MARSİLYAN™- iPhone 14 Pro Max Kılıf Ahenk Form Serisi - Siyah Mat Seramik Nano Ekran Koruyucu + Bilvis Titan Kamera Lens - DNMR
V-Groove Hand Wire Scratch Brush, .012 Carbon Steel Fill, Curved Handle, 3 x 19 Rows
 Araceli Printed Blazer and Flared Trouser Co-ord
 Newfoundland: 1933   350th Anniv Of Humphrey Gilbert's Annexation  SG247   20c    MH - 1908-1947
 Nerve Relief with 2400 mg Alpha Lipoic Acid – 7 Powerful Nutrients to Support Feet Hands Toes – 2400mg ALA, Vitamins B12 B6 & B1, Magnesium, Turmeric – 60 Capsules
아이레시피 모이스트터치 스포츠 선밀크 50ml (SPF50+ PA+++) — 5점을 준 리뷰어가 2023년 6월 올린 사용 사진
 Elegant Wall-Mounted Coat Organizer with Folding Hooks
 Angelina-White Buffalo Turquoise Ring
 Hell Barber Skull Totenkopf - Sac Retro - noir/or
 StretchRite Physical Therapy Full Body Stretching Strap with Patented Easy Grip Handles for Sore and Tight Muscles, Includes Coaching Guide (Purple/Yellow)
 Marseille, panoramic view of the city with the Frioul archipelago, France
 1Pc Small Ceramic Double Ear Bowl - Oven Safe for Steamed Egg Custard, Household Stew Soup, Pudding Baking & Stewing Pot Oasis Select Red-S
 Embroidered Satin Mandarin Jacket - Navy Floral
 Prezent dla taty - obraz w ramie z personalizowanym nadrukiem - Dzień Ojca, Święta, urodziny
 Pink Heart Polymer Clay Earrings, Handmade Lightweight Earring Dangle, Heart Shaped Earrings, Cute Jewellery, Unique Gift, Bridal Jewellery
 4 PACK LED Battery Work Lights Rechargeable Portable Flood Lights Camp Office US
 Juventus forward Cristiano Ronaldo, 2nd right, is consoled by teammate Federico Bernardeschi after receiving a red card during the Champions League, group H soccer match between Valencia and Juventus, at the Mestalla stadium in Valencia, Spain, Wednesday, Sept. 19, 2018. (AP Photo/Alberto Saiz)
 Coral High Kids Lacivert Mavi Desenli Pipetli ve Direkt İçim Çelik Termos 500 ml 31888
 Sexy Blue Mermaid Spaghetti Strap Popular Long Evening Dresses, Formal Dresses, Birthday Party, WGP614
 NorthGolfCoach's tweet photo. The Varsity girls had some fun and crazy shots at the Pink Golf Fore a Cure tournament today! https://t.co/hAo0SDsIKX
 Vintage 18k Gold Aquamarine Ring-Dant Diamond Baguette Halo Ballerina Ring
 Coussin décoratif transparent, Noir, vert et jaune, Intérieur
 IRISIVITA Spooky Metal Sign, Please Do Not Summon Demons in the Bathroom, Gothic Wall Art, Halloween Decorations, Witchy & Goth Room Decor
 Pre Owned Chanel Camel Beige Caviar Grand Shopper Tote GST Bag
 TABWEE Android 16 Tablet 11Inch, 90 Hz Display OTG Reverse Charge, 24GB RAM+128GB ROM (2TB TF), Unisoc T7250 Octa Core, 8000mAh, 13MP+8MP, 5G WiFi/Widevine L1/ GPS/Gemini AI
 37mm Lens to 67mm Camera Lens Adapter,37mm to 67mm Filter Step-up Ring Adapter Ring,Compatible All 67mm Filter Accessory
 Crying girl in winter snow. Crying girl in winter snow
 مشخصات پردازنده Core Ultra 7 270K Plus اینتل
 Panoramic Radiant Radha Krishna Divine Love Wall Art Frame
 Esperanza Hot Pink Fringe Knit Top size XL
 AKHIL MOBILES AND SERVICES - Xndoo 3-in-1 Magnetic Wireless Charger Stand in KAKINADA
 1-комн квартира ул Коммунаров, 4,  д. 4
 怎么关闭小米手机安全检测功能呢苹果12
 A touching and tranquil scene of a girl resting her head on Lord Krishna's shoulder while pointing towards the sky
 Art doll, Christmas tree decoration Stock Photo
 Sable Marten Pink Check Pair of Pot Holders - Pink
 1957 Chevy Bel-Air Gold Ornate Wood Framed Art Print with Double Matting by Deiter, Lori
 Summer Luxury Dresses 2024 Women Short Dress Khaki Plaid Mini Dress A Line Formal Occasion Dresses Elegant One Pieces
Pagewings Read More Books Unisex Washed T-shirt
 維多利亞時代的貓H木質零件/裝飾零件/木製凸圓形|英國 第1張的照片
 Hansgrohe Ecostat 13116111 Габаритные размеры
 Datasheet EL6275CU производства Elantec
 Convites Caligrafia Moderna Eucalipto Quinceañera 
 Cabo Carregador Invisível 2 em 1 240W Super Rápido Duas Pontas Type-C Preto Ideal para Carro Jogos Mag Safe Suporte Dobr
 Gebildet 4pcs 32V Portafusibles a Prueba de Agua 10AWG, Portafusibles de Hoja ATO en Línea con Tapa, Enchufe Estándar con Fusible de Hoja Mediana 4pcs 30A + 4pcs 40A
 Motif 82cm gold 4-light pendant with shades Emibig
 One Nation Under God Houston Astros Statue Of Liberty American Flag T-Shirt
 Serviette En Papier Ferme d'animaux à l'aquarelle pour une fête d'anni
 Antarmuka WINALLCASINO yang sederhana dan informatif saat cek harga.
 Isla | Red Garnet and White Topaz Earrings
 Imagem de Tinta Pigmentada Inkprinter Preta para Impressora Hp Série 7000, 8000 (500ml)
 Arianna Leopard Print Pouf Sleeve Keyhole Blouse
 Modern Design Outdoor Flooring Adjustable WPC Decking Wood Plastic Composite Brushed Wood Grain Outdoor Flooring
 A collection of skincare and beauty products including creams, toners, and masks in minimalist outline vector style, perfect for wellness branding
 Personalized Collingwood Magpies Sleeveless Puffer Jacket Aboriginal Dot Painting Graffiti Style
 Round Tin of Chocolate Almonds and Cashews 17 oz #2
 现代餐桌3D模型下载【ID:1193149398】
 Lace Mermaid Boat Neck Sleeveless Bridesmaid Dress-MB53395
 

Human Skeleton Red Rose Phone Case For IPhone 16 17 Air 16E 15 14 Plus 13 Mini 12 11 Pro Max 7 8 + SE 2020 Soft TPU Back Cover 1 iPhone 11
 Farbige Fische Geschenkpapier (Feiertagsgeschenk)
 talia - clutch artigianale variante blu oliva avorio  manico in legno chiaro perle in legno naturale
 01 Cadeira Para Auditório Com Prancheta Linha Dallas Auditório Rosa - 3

::::::::::

EXERCISE PROMPT:
Look above for the line containing "怎么关闭小米手机安全检测功能呢苹果12" and the line containing "Sable Marten Pink". Transcribe both, with the lines between them, exactly.

RESULT OF THIS TASK:
 怎么关闭小米手机安全检测功能呢苹果12
 A touching and tranquil scene of a girl resting her head on Lord Krishna's shoulder while pointing towards the sky
 Art doll, Christmas tree decoration Stock Photo
 Sable Marten Pink Check Pair of Pot Holders - Pink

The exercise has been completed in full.